By Alan Jackson on 29 January 2011

What I really mean is "ICT Resilience" but that doesn't sound as memorable.

I've been wanting to write some thoughts about Digital Resilience for a while and reading Janet Gunter's blog post about Mobile Blackouts and the Poor has prompted me into finally doing it.

I think we're going to see the subject of Digital Resilience rising in our consciousness over the coming years... at least we should. What do I mean by it? We regularly allow ourselves to rely on information and communication technologies but these tools can be  fragile and have many modes of failure. Often this fragility is not taken into account. I see this all the time.

Here's a typically example. I'm on the phone to a friend organising an evening out. How many times have I heard the phrase "I'll call you when I get to town"? This relies on us both having signal, on our batteries not running out and on our phones not breaking, being lost or stolen. Modern "smart" phones eat through their batteries at a tremendous rate and sometimes crash or reboot so these failure scenarios are not that unusual. If any of the things that our phones rely upon fail what is our back-up plan? Are we going to wander around the city, aimlessly, hoping to bump in to each other? Or go home?

A failed night out is not the end of the world. The point I'm wanting to make is that most of the time people seem oblivious to the failure modes of the technology they use or the need for back-up plans. And yet when you're in the habit of considering technological risks it becomes second nature, like finishing a sentence with a full-stop .

So when I hear "I'll call you when I get to town" I usually can't help myself say "And if I don't hear from you, I'll meet you at the station..."

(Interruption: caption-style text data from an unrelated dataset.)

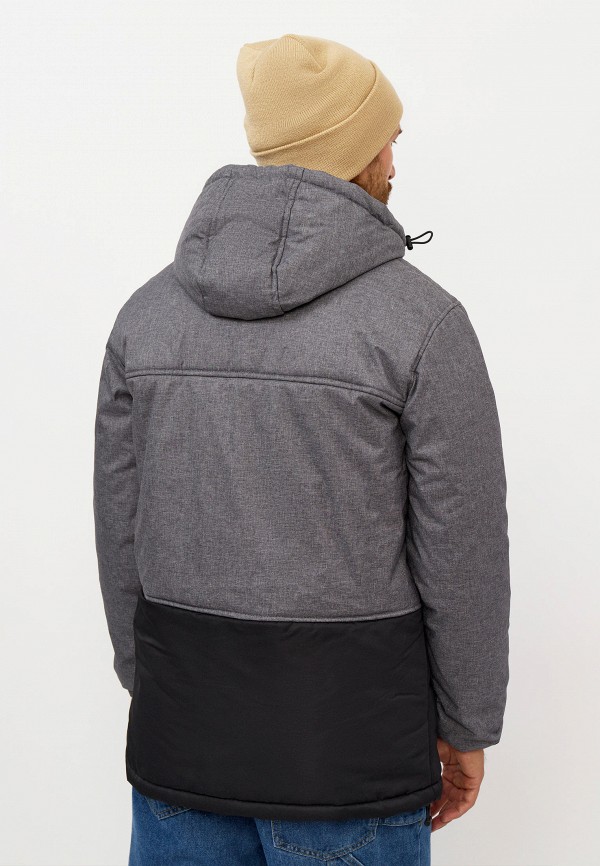 фото Куртка утепленная modis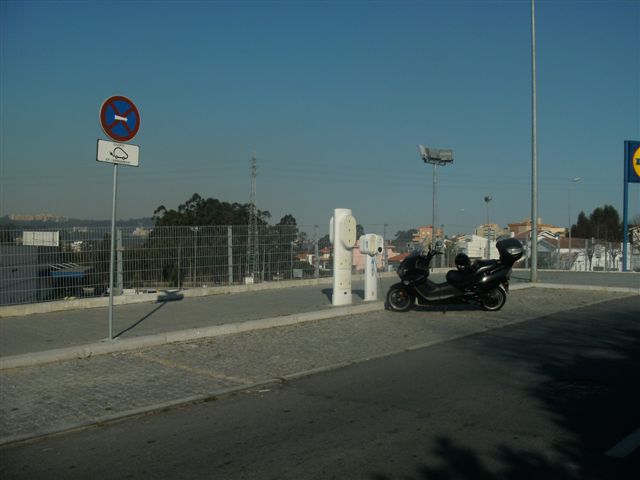 GEDC4468.JPG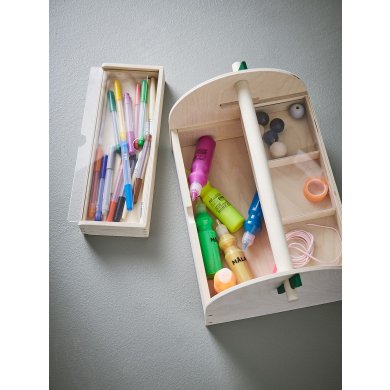 IKEA MÅLA (ИКЕА Måla / мола) 70456591 фото - 2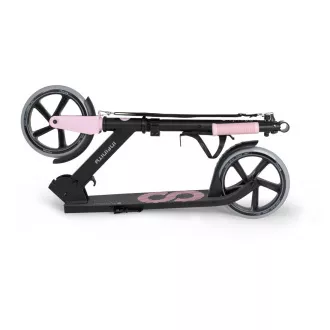 Összecsukható robogó MOVINO Infinity, Active Pink Összecsukható robogó MOVINO Infinity, Active Pink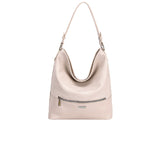Torba-T021213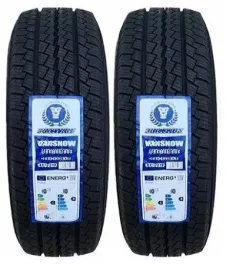 215-70-r15c-nowe-opony-zimowe-bus-snow-oryginal-para-2szt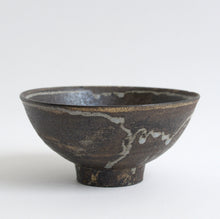 Load image into Gallery viewer, 生粉引碗 / 山田隆太郎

The situation gets a little more serious in a business context. Take the example of a conference call. Scheduling a call between several people can take a lot of planning trying to find a time when everyone is free. If this time-slot is missed it can represent a significant opportunity cost to the organisations involved. The duration of the call itself represents a cost when you consider the time of the people involved. There is growing use of Skype for conference calls in the professional community. Sometimes Skype works very well but in my experience it frequently doesn't work at all. Many times I have been asked to participate in a Skype conference call with no back-up even when many of the participants are in developing countries. When the Skype call fails much time is wasted, sometimes several participants are excluded and sometimes the call is abandoned all together. My automatic response to a Skype invitation is usually to send round the number of a phone conference service just in case.

OK, failed conference calls are still not the end of the world. For someone poor or vulnerable a technology failure could be much worse. At the recent ICTD2010 conference I was very interested to hear for the first time a few people talking about vulnerabilities to the poor caused by reliance on ICTs. For years the ICT4D community has been promoting the use of ICTs in poverty reduction. There has been a fair amount of work in adapting technologies for harsh environments. However these technologies still have failure modes and it was very encouraging to hear the resulting vulnerabilities being discussed.

Digital resilience is less about building robust technologies and more about building an understanding of its failure... and the habit of back-up plans.

Jan. 29, 2011, 3:37 p.m. - Janet Gunter

Thanks for this Alan. Amazing how world events have us making linkages between our personal experience and that in so many other contexts. As for “vulnerabilities to the poor caused by reliance on ICTs” – I would say that microentrepreneurs, underemployed people and people existing in “informal”, local economies, are in fact extremely agile and used to having to work-around failures in services. This is not to romanticize things, or say that these blackouts or sudden failures in services cannot have devastating consequences, as I mention in the post. Are there any papers or abstracts from the ICT4D2010 conference you can share?